In 2 Kings 2.1-12, an account is given where the prophet of Israel named Elijah (meaning “My God is Yahweh”) ascends to heaven on a fiery chariot pulled by celestial horses. Elijah does not taste of death, but is translated into heaven.
Only one other figure in the Old Testament ascends to heaven without tasting death–Enoch. Enoch’s name means “The Initiated One,” and the only reference to this figure in the text is an obscure passage which states, “And Enoch walked with God: and he was not; for God took him” (Gen. 5.24). In non-canonical texts associated with Enoch this prophet also ascends to heaven. In fact, the heavenly ascent appears to be the prerequisite of entering heaven without tasting of death.
In all the available Enoch lore thus found two things stand in common: 1) Enoch ascends to the heavens, learns their secrets, and enters the heavenly Holy of Holies or Throne Room. In some passages, Enoch is given the title “Son of Man,” a euphemism for divine heritage, and in the words of Margaret Barker, divine theosis or divinization. 2) All the imagery of the Enoch texts compare the heavenly ascent to a heavenly temple, and the ascent through the heavens can often be assimilated with the chambers in the earthly temple as they were modeled from a heavenly design.
It is this temple and cosmological context that frames the action of celestial ascent. The ascent of Elijah probably follows suit, as this portion of the Old Testament text probably follows a liturgical mise en scene associated with the old Hebrew temple cult. While Enoch and Elijah are the only Old Testament prophets to ascend to heaven without tasting death, other key prophetic figures also find themselves on a heavenly journey. Ezekiel is the most prominent figure, as he makes a tour of heaven. Ezekiel’s tour is also associated with the temple complex. The founder of Israel is Jacob who begins his journey towards kingship by seeing a ladder set in heaven.
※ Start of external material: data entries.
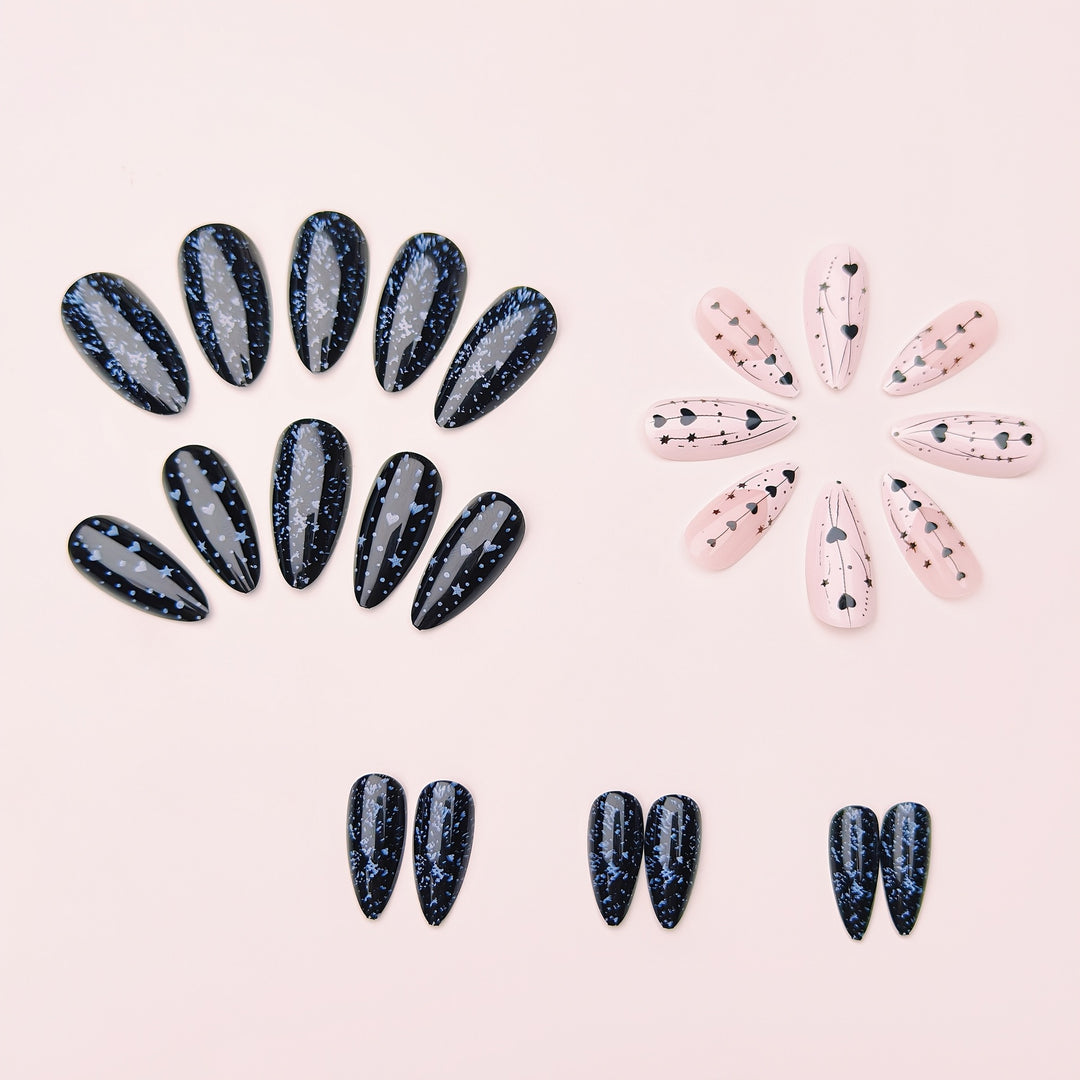 Nail Art Design Set Kalsten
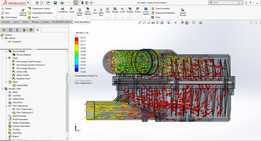 CFD - SolidWorks - 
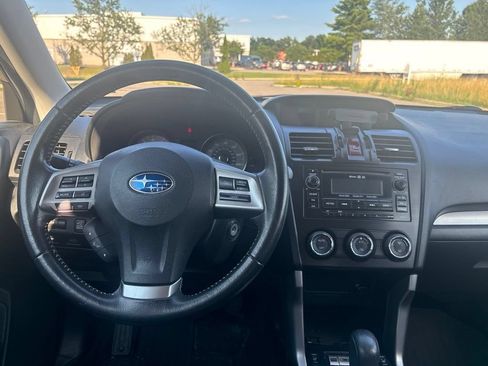 Used 2014 Subaru Forester 2.5i Limited w/ Popular Package #2 AWD/4WD image 13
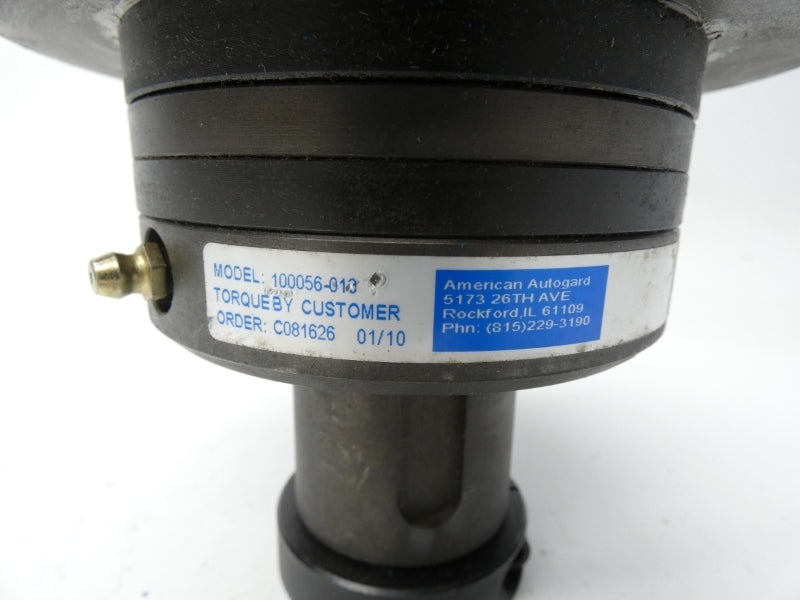 AMERICAN AUTOGARD 100056-013 UNMP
On top of the ladder was Yahweh, who gives Jacob the great covenant of the fathers during this heavenly vision. This hales back to a prior scene where God shows up to Abraham and gives him the original covenant, and does so while comparing his future offspring to the stars. In non-canonical sources, Abraham also journeys through the stars as part of this covenant.
The heavenly journey as part of the prophetic calling is not a creation of Israel or of Biblical tradition. The Israelite people inherited this tradition, they did not create it. In Near Eastern, Egyptian, and Mediterranean traditions, kings, shamans, priests, and prophets all made this heavenly tour. Such a tour was essential to oral cosmology, which saw the source of all true being as emanating from the sky. In order to obtain the right to rule, such royal and august figures analogically journeyed to the stars through ritual to obtain their divine mandate. It is quite surprising to find that all the early Greek masters did the same thing. Parmenides, Pythagoras, Heraclides, Plato, and Cicero all relate some form of the heavenly journey associated with their right to teach, obtain true reason, rule the city, or obtain the right to immortality.
The celestial ascent of Elijah is not biblical fantasy, it is oral cosmology rooted at the foundations of civilization.